Прошли годы. И площадь Калинина стала для меня не просто одной из красивейших площадей на Крещатике. Каждый дом был для меня не просто домом, а произведением, за которым стоял знакомый мне архитектор – автор здания. Я знал и Примака, и Малиновского, и Заварова, и Добровольского. В мастерской Малиновского я проходил практику, когда учился в институте. Я решил тогда блеснуть и принес роскошную отцовскую готовальню, выполненную в Германии по заказу (на ней стоял номер). На следующий же день у меня стащили из нее циркуль и кронциркуль. Я был в ужасе. Александр Иванович успокаивал меня, и обещал поговорить с отцом, и таки поговорил, смягчив последовавшую беседу с ним. Добровольский был моим соседом на Владимирской. Впоследствии Анатолий Владимирович стал моим оппонентом по диссертации. Заваров неоднократно приходил к отцу советоваться, когда пошли реорганизационные дела и рухнула Академия. Милецкому я выполнял расчеты солнцезащиты для его объектов. Когда я передал свою книгу по солнцезащите в издательство, он стал ее рецензентом и написал блестящий отзыв. В дальнейшем мы встречались со многими киевскими архитекторами на конкурсах.

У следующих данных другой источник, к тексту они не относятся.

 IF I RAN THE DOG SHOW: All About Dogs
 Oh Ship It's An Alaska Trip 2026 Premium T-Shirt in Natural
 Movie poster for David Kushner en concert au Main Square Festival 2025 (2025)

Для отца эти архитекторы были «молодым поколением», для меня «старшим поколениям». Раньше я считал, что смена поколений – это четверть века. Оказалось, что в творческих делах эта смена происходит значительно чаще. С Комаровским, автором двух реконструкций площади Калинина я тоже был знаком, в основном, по Союзу архитекторов. Мне понравилась первая реконструкция. Площадь стала уютной. Но в то время, о котором я пишу, то-есть 54-й год, эту реконструкцию еще не начинали, я учился еще в КИСИ, а Александр Владимирович еще даже не поступил в Художественный институт.